- _DATA SECTION_:
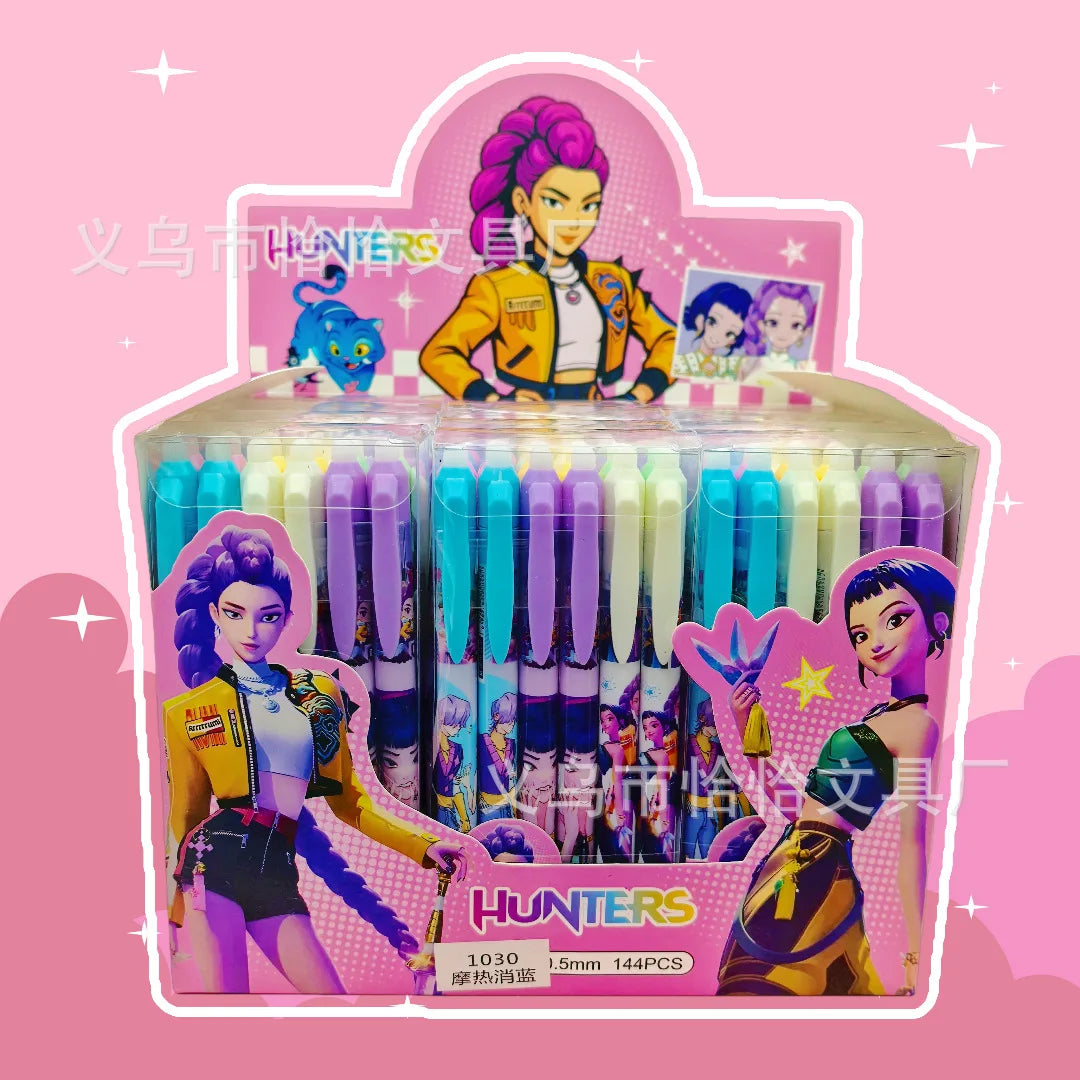 NEW Anime Girls  0.5mm Erasable Gel Pen - Refillable & Retractable Black Ink Friction Pen for School Office Supplies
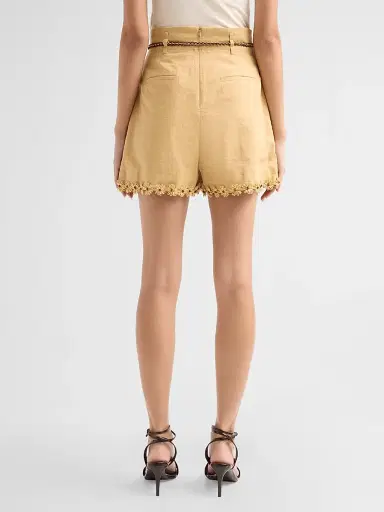 Zimmermann Women's Mahon Flower Trim Shorts - Oatmeal | Thumbnail 3 Zimmermann Women's Mahon Flower Trim Shorts - Oatmeal | Thumbnail 3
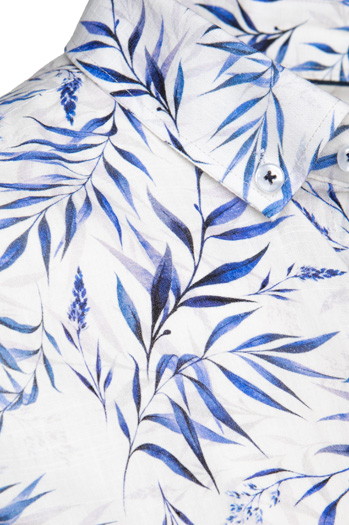 Koszula męska w liście biała Dstreet DX2640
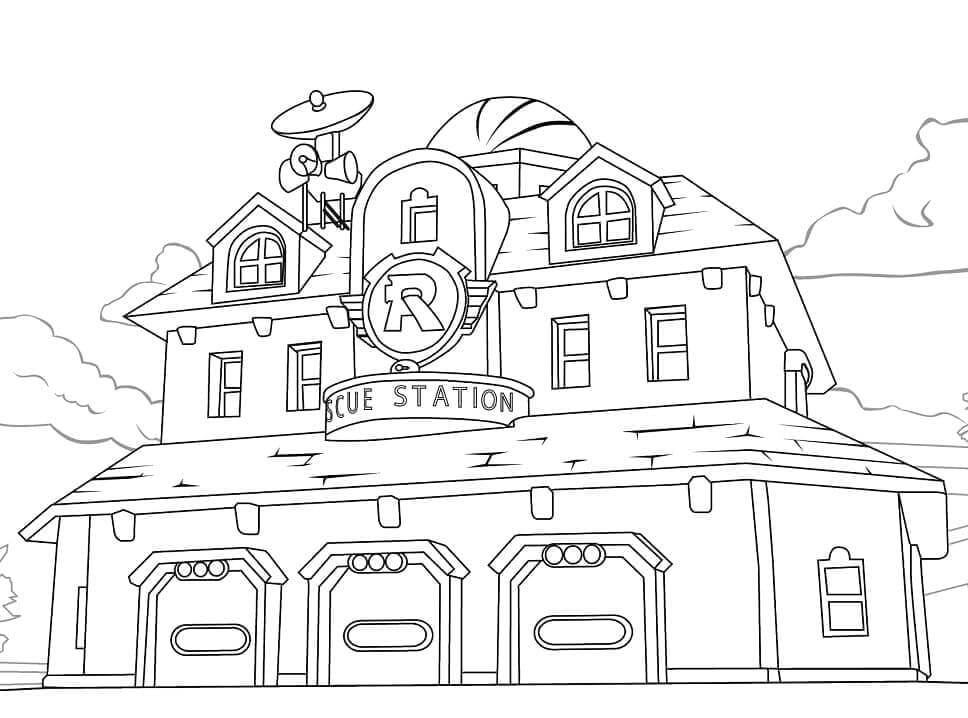 Dibujo de Casa Robocar Poli para Colorear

- _WHAT YOU WILL DO_:
The answer must be the full listing retyped exactly, with no pictures in it.

- _REPLY_:
 NEW Anime Girls  0.5mm Erasable Gel Pen - Refillable & Retractable Black Ink Friction Pen for School Office Supplies
 Zimmermann Women's Mahon Flower Trim Shorts - Oatmeal | Thumbnail 3 Zimmermann Women's Mahon Flower Trim Shorts - Oatmeal | Thumbnail 3
 Koszula męska w liście biała Dstreet DX2640
 Dibujo de Casa Robocar Poli para Colorear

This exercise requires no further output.